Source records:
===============
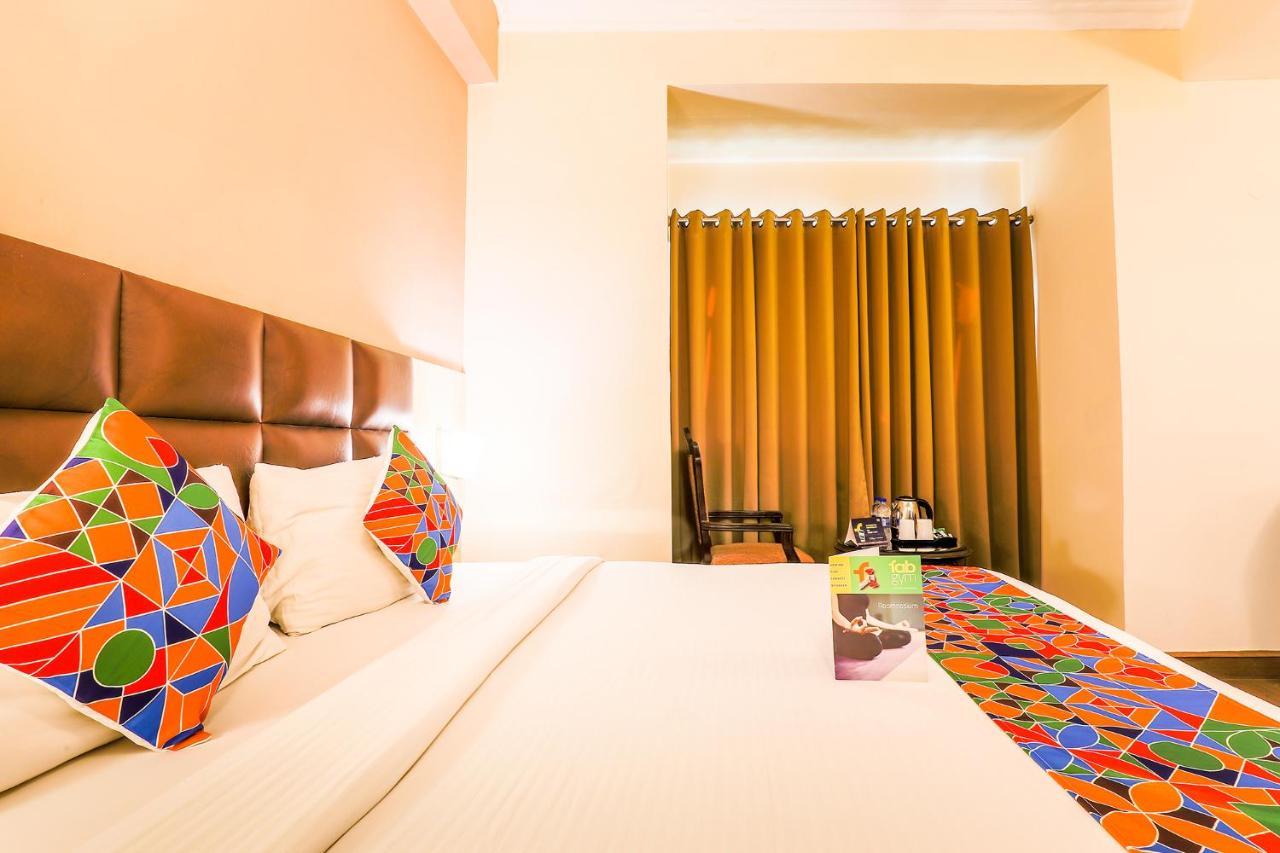 Fabhotel Conclave Boutique Nueva Delhi Exterior foto
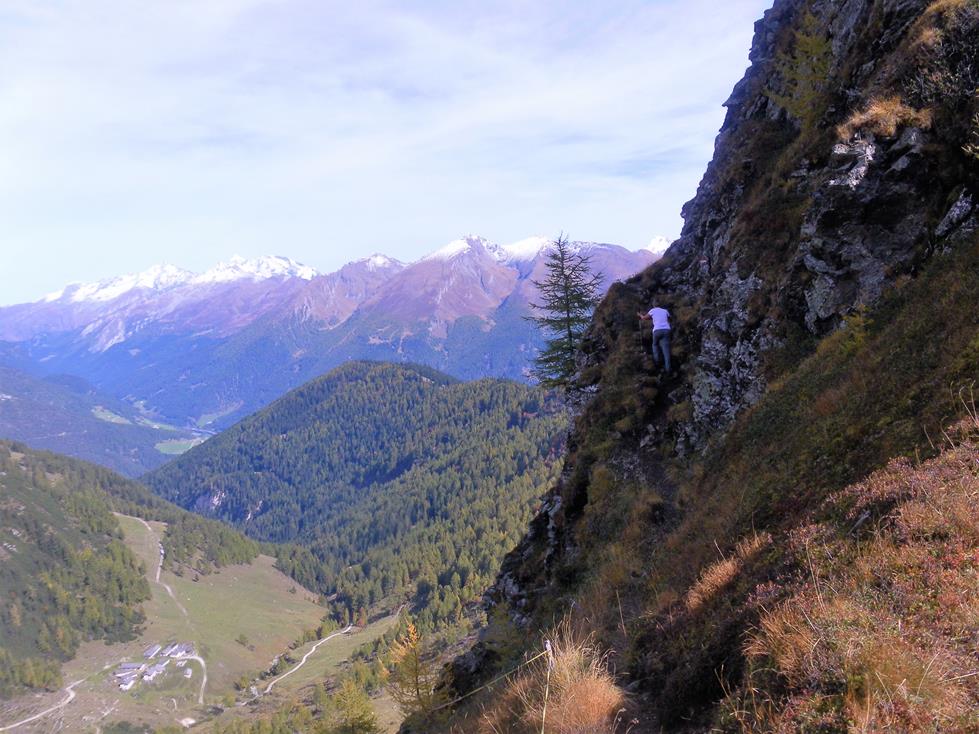 Foto: Wolfgang Lauschensky / Wandertour / Telfer Weißen 2588m und Roßkopf 2189m von Sterzing / exponierter Kammsteig / 06.11.2022 17:59:25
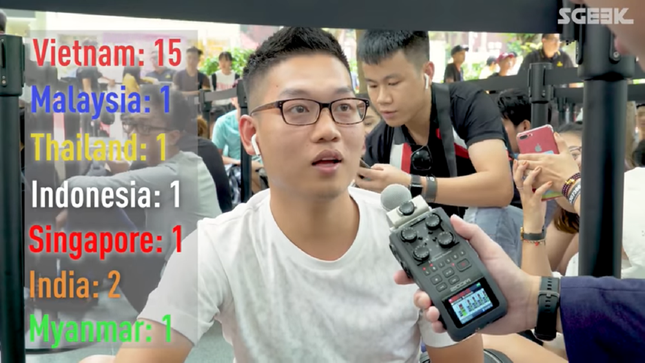 Người Việt đã "đại náo" Apple Store ở Singapore trong ngày mở bán iPhone như thế nào? ảnh 2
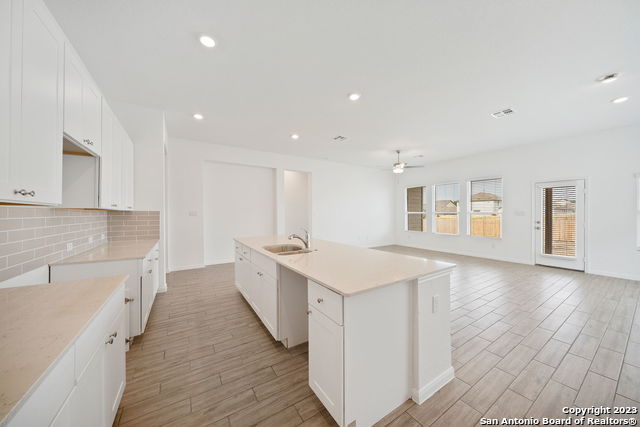 Image 8 of 31 For 6647 Brandy Path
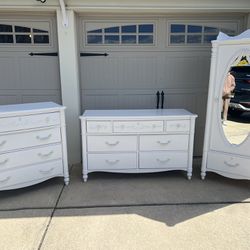 Beautiful White Stanley Young American Isabella 3-piece Bedroom Set /Dressers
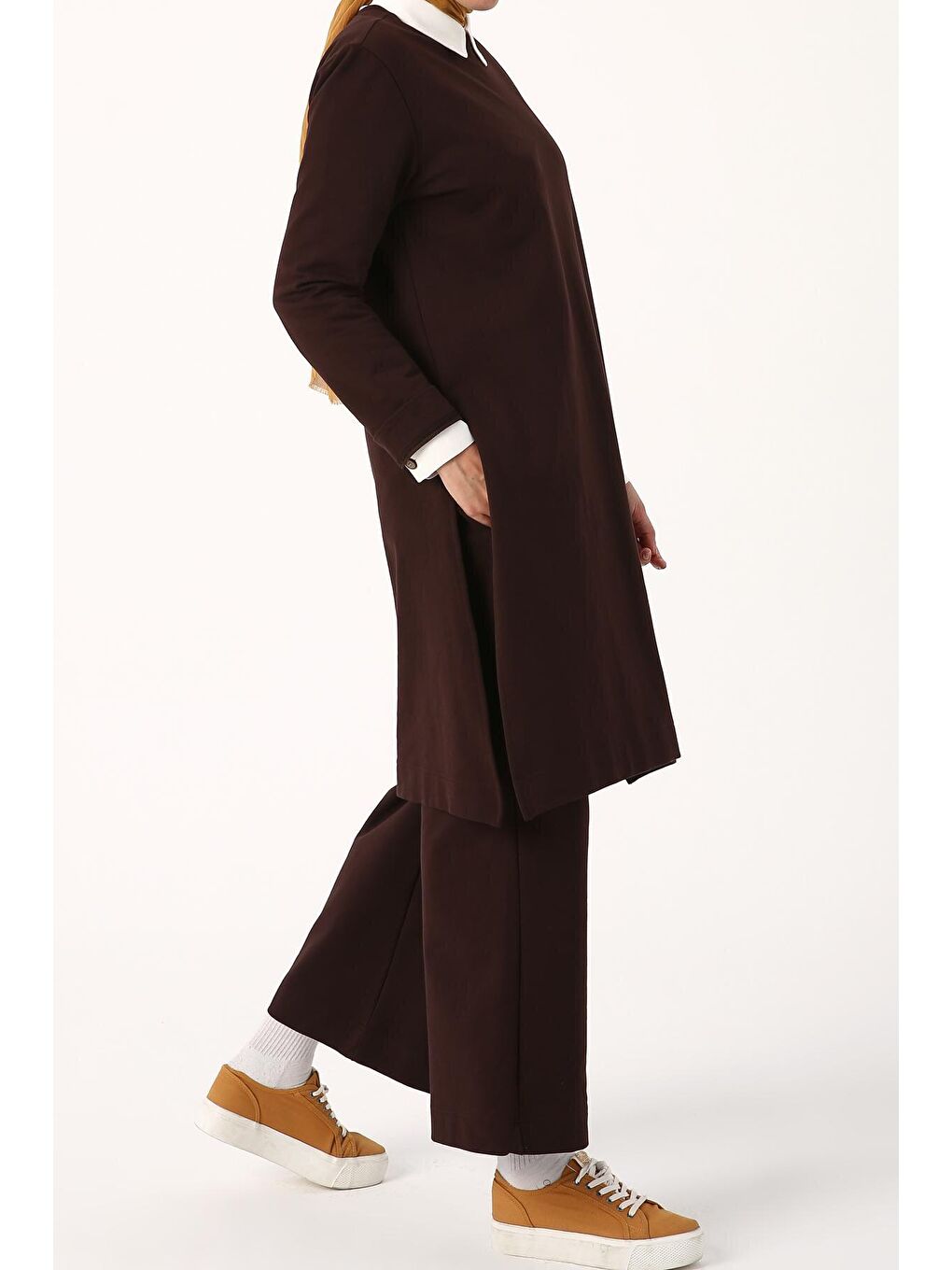 Kahverengi Kahve Yanları Yırtmaçlı Pantolonlu Cepli Takım-3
===============
◆ **Task description**
Output only these lines, word for word: the line containing "Beautiful White Stanley" and every line after it through the last line of the data. Omit the pictures.

◆ **Task result**
 Beautiful White Stanley Young American Isabella 3-piece Bedroom Set /Dressers
 Kahverengi Kahve Yanları Yırtmaçlı Pantolonlu Cepli Takım-3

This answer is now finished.